Por primera vez, todas las categorías de la escuela deportiva rabanera, desde los más pequeños chupetines hasta cadetes, han formado parte de un mismo torneo. Un detalle que va mucho más allá de la competición: significa unión, trabajo colectivo y una apuesta real por construir cantera desde abajo, dando valor a cada etapa del crecimiento deportivo.
Durante dos jornadas, Argamasilla se llenó de jóvenes deportistas que no solo compitieron, sino que representaron el verdadero espíritu del fútbol base: compañerismo, ilusión y aprendizaje. Porque más allá de trofeos y resultados, el verdadero éxito estuvo en ver a cientos de chicos y chicas conviviendo, apoyándose y creciendo juntos a través del deporte.
El torneo también dejó claro el papel fundamental de monitores, coordinadores y familias, piezas imprescindibles para que un evento de esta magnitud saliera adelante.

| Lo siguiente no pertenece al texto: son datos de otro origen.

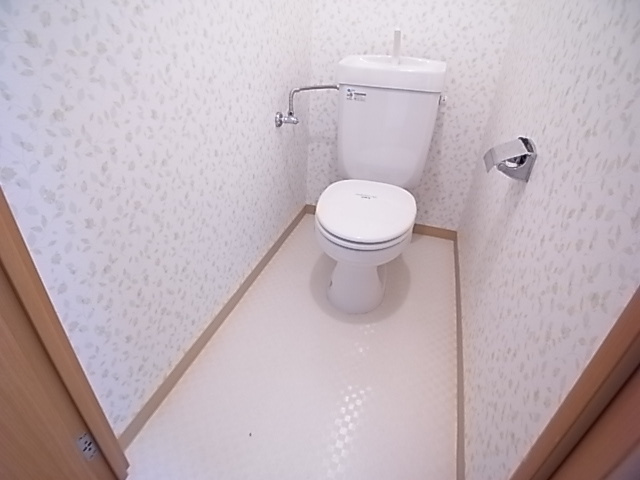 ランベール池北のトイレ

En lo deportivo, el torneo también dejó momentos de gran nivel en sus distintas finales. En prebenjamines, el CD Ciudad Real CF se llevó el primer puesto, con el Ayuntamiento de Argamasilla de Calatrava como subcampeón. En categoría benjamín, el triunfo fue para el EMFB Puertollano Rojo, seguido por el CD Patrimonio de Almadén. Espartanos CF firmó además un destacado doblete al conquistar tanto la categoría alevín como la infantil, imponiéndose en ambas finales a los equipos anfitriones. El broche local llegó en categoría cadete, donde el Ayuntamiento de Argamasilla de Calatrava logró la victoria frente a Espartanos CF.

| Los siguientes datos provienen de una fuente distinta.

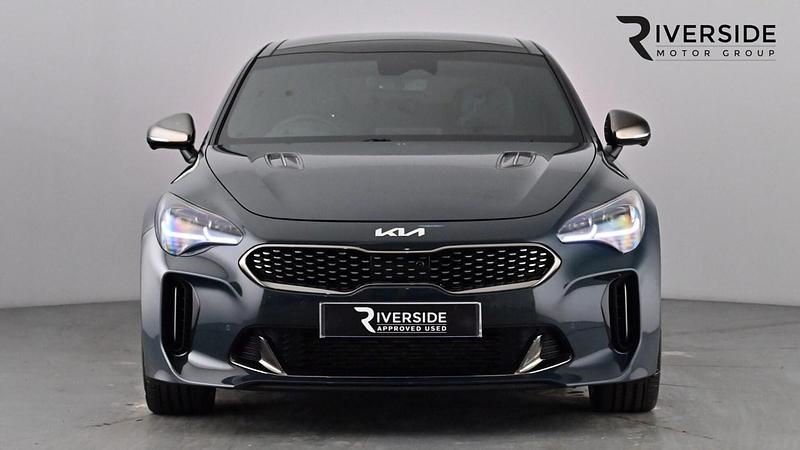 Used Kia Stinger GT 361 HP (265 kW) 2022 Ascot green Hatchback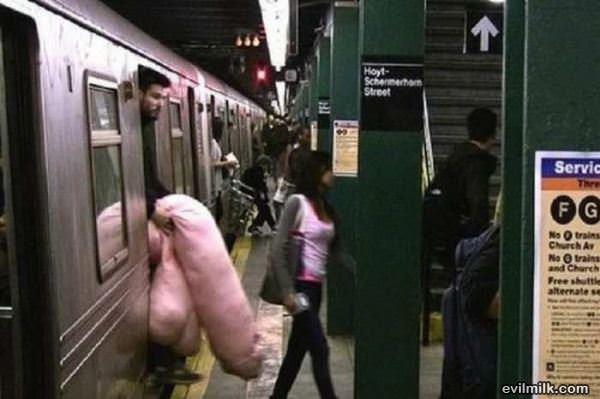 Crazy Subway Ride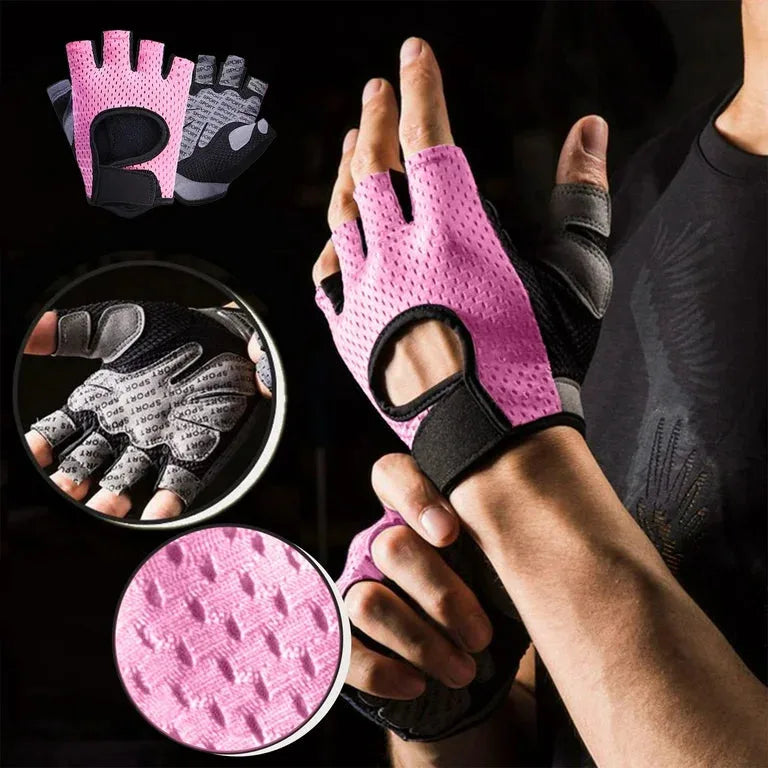 Training Gym Gloves  Palm Protection and Extra Grip, Breathable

Además de los títulos colectivos, el torneo reconoció también el talento individual de varios jóvenes futbolistas. En categoría alevín, Enzo Alegre fue distinguido como mejor jugador e Ineso Martín como mejor portero; en infantil, los reconocimientos fueron para Lucas Delgado y Jesús Aranda; mientras que en cadetes, Erik Daimiel y Sergio Trapero recibieron los premios destacados. También hubo un gesto especial hacia los más pequeños, con medallas para todos los participantes de chupetín, prebenjamín y benjamín, reforzando así el valor de la participación, la ilusión y el esfuerzo desde las primeras etapas del fútbol base.

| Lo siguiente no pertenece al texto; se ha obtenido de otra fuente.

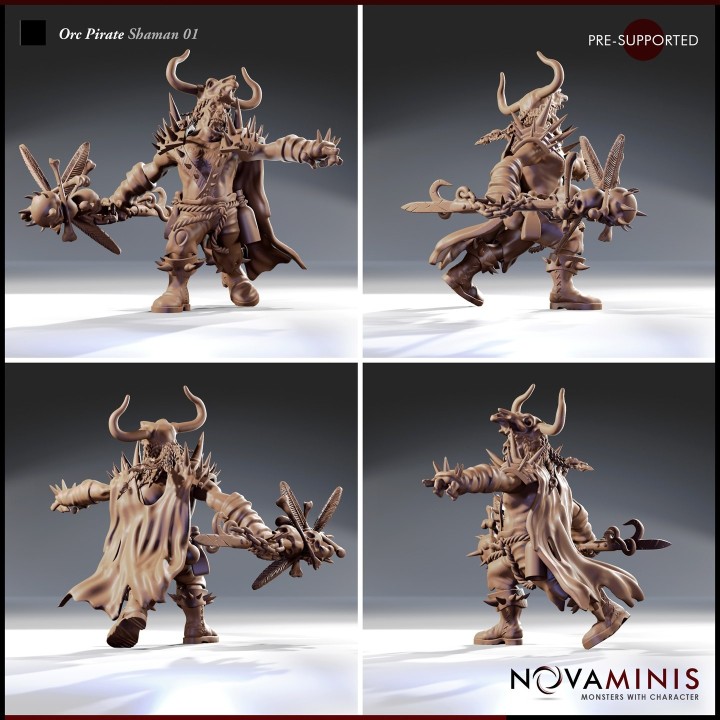Orc Pirate Shaman 01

Este primer Torneo de Fútbol Base deja así una imagen que va mucho más allá del marcador: la de una Argamasilla de Calatrava capaz de reunir deporte, juventud y convivencia en torno a un proyecto común. Una cita que ha sembrado ilusión entre cientos de jóvenes y que confirma el valor del fútbol base como espacio de aprendizaje, compañerismo, esfuerzo y futuro.